It has been long known that not getting enough sleep can lead to obesity which, in turn, brings a heightened risk for Type-II diabetes 1. An analysis of data from the Center for Disease Control, shows that, since 1950, sleep time has declined by 28% while adult obesity has grown by 23% and diabetes by 6% in the US. Obesity and diabetes are now serious epidemics, which, according to the American Diabetes Association cost $322 billion annually in the US alone. People with diabetes call for 2.5 times the average medical costs compared to a healthy adult. But maybe there is a simple way to reduce this burden based on new evidence that improving sleep habits can have a major impact on stemming these epidemics.
Scientists have now figured out the likely causes that link sleep with obesity. Two key hormones work in a tug-o’-war to control our appetite. Leptin signals when we have eaten enough while ghrelin triggers hunger pangs. A number of innovative studies by Dr.

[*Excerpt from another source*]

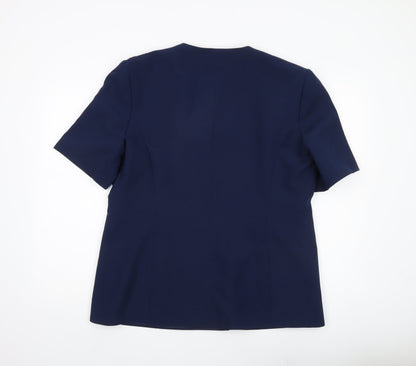 Amari Women's Blue Size 18 Double-Breasted Short Sleeve Jacket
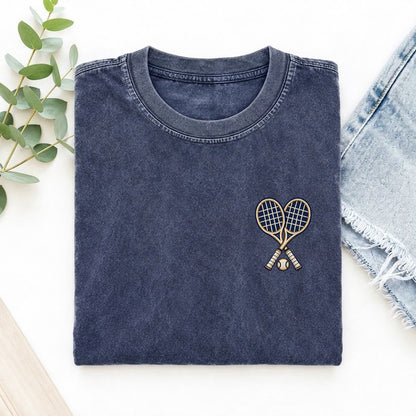 Tennis Rackets Symbol Emblems Left Chest Vintage T-shirt – Blue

Eve van Cauter and her co-researchers at the University of Chicago have shown that these hormones get out of balance when sleep hours are reduced; leptin concentration decreases while ghrelin increases 2, 3. This leads to a desire to overeat upon waking. Furthermore, food cravings switch drastically to higher sugar, carbohydrate and salt contents amounting to more than 300 calories extra intake daily. The situation is worsened as lack of sleep reduces energy levels during the day, so fewer of these extra calories are burned off.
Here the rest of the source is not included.